Norman Redhead

My enthusiasm for the motor car started at a very early age, no doubt encouraged by my Father’s interest, when I was the only boy in my class whose Father had a car, a Wolseley 14, which I first drove at the age of about eleven.

I passed my driving test shortly after my 17th birthday and my first car was a Renault 4, which I bought by the age of 20. During my teens I was involved with the scouts and learnt to map read which taught me the very basics of navigation as well as an introduction into rallying. I won the Kent Scouts Vehicle Venture, firstly as a navigator and then as a driver the following year.

Norman Redhead Portrait

In the early sixties I met Dick Mullis who introduced me to TWMC and my first experience of an event was as a marshal at the Brands Hatch Sprint, the membership was 7s 6d duly paid, and my first Autotest brought a class award in an 850 Mini. I soon progressed to the legendary Mini Cooper and the next four years saw club motor sport at its heyday with an event nearly every weekend. I Hill Climbed, Autocrossed, Sprinted, Autotested, PCT’d and Rallied with many class and category wins.

Norman Redhead Mini Cooper Valence Hillclimb

During this period there were highlights, lowlights, but most of all numerous “classic” moments of enjoyment. My late Father who was Club Chairman in the late sixties, always supported and provided the odd car to compete in: An Imp which brought many class wins in PCT’s as well as a Twin Can Escort and an MGB for Autotests etc.

One of the constituent parts of club motor sport is the late nights preparing the car for the next event, one of which lead to a bank climbing episode at Valance Hill Climb. My Mini Cooper was lacking in the back department so I decided to purchase Cooper S drive shafts, disc and callipers, which unbeknown to me increased the turning circle by four feet! (see picture above)

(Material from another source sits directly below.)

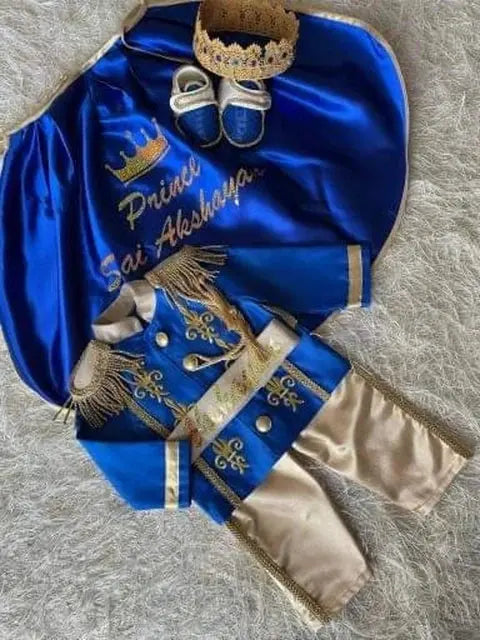 Navy Blue & Gold Personalized Baby Prince Costume, baby boy first birthday outfit, additional product image 3 by Vowalisse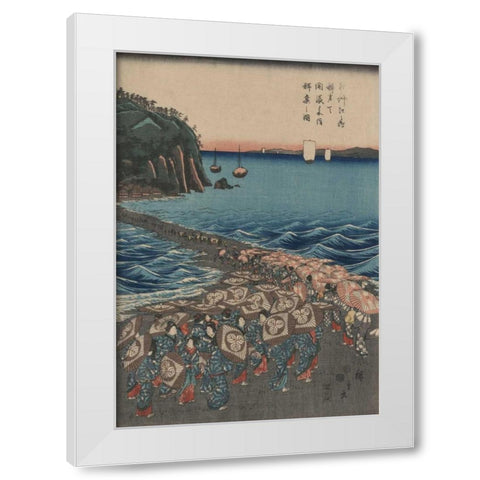 Opening celebration of Benzaiten Shrine at Enoshima in Soshu.  White Modern Wood Framed Art Print by Hiroshige, Ando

The late sixties saw a change of seat and many rallies as navigator to Brian Gunner’s Cortina GT and Pete Butler’s indecently quick Beetle. Various awards followed, including being first Kentish crew in a Welsh based rally. Three caravan rallies complimented that period with results just behind the works teams giving great satisfaction.

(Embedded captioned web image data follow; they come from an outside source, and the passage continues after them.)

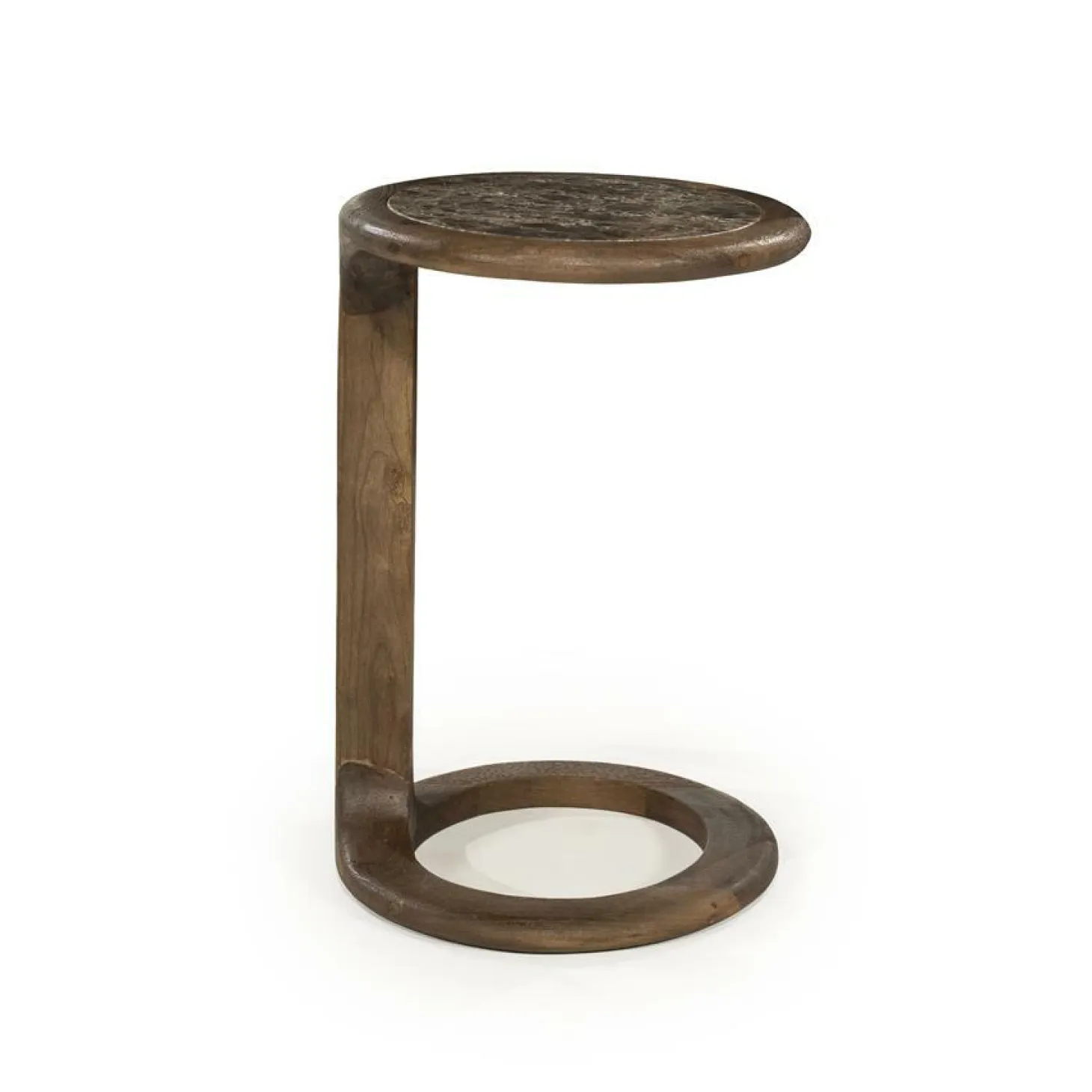 Ronde Bijzettafel Vito Marmer en Mangohout 43 x 37cm - Loft24.nl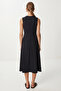 Accessory Detailed Slit Woven Dress Lnt0037 Black - 6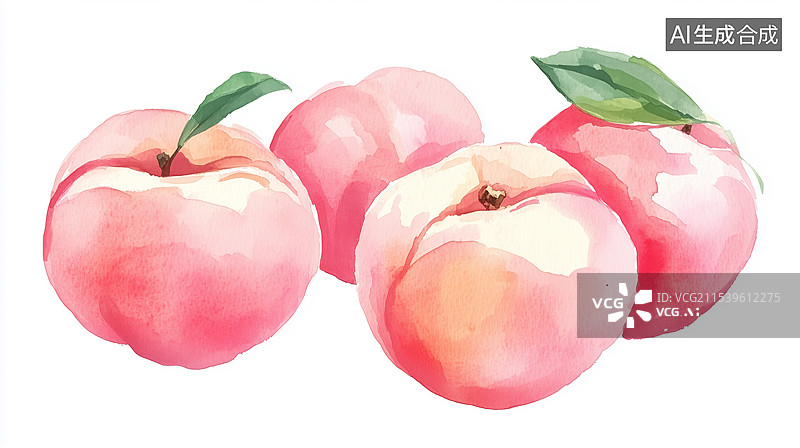【AI数字艺术】水彩桃子图片素材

A Cooper S then arrived on the scene with many more successes until cupid struck and wedded bliss saw the end of the competition car (Fortunately my wife Sue’s interest led to her involvement as club secretary and as an official at many meetings).

To my surprise and delight Sue said “why don’t we get an MGB Roadster?”, which we did and it gave over five years of events and many awards in the big sports car class.
Although I cannot claim to have had the success of others in the club I can say that club motor sport has and still does give me a great deal of pleasure. You don’t have to be a winner to enjoy your own success (but it helps).

Throughout most of the thirty years or so with the club I have served on the committee in a variety of capacities and been involved in event organisation working my way up from marshalling to senior officiating at all sorts of events, which range from autotests to rallycross, PCT’s to race meetings.